# PROBLEM DETAILS
Restate word for word the lines of the records below, starting at the line that contains "Una habitación con" and ending at the line that contains "Close-up of three", with both of those lines included and nothing else.

--- INPUT FOR THIS TASK Enclosed Below ---

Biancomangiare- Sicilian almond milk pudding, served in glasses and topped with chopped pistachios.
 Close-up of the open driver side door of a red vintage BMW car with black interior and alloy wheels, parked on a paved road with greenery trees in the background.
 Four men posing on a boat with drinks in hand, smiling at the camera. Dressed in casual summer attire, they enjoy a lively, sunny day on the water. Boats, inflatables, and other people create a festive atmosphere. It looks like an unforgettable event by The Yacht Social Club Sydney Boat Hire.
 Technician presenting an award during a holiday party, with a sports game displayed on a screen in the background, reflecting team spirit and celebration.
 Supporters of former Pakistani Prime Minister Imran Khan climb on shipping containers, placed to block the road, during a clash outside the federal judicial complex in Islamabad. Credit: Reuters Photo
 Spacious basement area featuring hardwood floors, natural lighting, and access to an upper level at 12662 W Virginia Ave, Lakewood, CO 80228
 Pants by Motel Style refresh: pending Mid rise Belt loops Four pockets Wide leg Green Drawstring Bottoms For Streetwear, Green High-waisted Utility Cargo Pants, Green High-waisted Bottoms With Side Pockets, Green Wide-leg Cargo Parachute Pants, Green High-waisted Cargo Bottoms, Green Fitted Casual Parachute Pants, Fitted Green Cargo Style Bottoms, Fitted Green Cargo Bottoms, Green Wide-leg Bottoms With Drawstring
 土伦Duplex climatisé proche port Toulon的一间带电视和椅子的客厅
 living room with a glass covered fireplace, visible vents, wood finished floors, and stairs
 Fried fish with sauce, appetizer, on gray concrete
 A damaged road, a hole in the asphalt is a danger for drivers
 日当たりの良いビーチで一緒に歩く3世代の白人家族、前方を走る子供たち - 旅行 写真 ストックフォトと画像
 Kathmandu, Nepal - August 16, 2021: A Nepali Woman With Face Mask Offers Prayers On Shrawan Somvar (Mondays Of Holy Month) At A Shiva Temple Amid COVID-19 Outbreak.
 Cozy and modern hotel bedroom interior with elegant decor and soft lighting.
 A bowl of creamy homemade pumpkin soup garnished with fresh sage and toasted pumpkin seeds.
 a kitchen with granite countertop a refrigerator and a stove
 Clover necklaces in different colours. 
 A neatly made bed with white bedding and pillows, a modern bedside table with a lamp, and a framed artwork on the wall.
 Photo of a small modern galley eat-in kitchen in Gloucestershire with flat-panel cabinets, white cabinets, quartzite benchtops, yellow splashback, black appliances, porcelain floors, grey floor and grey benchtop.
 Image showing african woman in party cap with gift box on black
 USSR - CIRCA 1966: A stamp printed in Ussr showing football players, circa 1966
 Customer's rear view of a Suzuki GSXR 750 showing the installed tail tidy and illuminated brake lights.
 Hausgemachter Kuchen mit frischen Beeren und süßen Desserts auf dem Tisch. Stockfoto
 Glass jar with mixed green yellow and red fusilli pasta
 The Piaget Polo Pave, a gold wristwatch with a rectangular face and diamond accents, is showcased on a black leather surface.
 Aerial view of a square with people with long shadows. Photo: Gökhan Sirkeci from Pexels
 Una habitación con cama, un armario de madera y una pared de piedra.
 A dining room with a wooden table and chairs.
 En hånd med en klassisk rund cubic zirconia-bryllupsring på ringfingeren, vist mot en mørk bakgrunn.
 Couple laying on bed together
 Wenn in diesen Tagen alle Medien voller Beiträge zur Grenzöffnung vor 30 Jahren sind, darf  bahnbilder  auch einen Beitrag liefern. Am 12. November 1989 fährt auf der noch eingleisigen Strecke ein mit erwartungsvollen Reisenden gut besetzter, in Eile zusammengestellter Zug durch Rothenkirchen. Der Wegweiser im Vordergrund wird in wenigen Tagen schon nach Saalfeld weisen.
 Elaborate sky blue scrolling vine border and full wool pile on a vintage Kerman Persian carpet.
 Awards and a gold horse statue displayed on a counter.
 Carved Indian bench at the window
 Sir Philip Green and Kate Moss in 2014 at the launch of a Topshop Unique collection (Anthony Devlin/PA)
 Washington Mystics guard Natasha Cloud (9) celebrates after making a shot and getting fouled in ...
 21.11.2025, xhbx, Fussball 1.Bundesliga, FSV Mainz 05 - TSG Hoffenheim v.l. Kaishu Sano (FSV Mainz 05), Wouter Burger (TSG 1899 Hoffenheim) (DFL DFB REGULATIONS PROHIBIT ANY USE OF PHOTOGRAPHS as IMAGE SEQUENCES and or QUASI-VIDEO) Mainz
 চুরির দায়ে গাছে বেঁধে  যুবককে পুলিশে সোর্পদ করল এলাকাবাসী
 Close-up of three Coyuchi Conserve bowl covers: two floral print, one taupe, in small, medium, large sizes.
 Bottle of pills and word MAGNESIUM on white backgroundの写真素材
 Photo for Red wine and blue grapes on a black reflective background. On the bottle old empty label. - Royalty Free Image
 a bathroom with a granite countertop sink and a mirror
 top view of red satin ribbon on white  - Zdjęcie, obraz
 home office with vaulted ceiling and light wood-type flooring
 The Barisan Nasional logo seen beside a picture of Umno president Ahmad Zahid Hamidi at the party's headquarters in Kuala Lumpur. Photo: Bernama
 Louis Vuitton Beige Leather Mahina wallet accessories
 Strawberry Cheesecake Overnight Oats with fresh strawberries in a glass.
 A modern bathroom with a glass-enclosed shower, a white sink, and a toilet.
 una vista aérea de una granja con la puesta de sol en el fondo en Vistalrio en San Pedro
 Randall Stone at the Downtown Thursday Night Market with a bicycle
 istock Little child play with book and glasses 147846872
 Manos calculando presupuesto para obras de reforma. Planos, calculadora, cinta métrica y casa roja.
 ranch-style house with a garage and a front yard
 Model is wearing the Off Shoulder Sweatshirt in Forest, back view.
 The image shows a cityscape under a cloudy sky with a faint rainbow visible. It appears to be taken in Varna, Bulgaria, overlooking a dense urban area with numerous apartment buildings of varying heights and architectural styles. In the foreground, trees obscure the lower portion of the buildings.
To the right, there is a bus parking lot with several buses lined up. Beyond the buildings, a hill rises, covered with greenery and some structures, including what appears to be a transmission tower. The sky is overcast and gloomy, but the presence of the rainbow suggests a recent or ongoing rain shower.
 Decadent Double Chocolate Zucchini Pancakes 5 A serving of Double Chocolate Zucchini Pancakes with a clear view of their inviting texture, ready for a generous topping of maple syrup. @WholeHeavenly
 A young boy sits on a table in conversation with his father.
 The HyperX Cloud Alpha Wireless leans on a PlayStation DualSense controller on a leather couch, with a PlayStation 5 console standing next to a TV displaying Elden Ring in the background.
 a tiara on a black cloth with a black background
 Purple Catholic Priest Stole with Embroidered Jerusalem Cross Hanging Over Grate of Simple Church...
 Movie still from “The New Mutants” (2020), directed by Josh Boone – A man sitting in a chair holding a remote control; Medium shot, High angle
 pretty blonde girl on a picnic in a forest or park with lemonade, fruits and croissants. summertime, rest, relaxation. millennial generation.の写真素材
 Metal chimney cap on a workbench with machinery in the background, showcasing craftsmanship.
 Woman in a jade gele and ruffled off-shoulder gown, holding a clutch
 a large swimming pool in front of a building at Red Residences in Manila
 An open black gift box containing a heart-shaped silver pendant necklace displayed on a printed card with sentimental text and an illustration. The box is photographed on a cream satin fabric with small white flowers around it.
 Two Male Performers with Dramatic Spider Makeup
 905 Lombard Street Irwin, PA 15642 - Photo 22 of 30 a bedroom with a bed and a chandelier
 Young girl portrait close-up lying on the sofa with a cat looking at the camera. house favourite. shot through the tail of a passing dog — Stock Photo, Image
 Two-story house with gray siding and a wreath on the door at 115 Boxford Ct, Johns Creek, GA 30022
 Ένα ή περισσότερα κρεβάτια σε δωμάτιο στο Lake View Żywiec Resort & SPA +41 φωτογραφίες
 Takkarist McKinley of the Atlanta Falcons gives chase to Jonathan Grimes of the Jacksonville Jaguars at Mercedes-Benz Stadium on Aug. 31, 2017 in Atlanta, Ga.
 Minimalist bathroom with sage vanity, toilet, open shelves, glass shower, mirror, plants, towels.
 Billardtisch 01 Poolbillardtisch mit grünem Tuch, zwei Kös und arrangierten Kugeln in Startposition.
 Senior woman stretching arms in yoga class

--- End of Enclosed INPUT FOR THIS TASK ---

# WRITTEN RESPONSE
 Una habitación con cama, un armario de madera y una pared de piedra.
 A dining room with a wooden table and chairs.
 En hånd med en klassisk rund cubic zirconia-bryllupsring på ringfingeren, vist mot en mørk bakgrunn.
 Couple laying on bed together
 Wenn in diesen Tagen alle Medien voller Beiträge zur Grenzöffnung vor 30 Jahren sind, darf  bahnbilder  auch einen Beitrag liefern. Am 12. November 1989 fährt auf der noch eingleisigen Strecke ein mit erwartungsvollen Reisenden gut besetzter, in Eile zusammengestellter Zug durch Rothenkirchen. Der Wegweiser im Vordergrund wird in wenigen Tagen schon nach Saalfeld weisen.
 Elaborate sky blue scrolling vine border and full wool pile on a vintage Kerman Persian carpet.
 Awards and a gold horse statue displayed on a counter.
 Carved Indian bench at the window
 Sir Philip Green and Kate Moss in 2014 at the launch of a Topshop Unique collection (Anthony Devlin/PA)
 Washington Mystics guard Natasha Cloud (9) celebrates after making a shot and getting fouled in ...
 21.11.2025, xhbx, Fussball 1.Bundesliga, FSV Mainz 05 - TSG Hoffenheim v.l. Kaishu Sano (FSV Mainz 05), Wouter Burger (TSG 1899 Hoffenheim) (DFL DFB REGULATIONS PROHIBIT ANY USE OF PHOTOGRAPHS as IMAGE SEQUENCES and or QUASI-VIDEO) Mainz
 চুরির দায়ে গাছে বেঁধে  যুবককে পুলিশে সোর্পদ করল এলাকাবাসী
 Close-up of three Coyuchi Conserve bowl covers: two floral print, one taupe, in small, medium, large sizes.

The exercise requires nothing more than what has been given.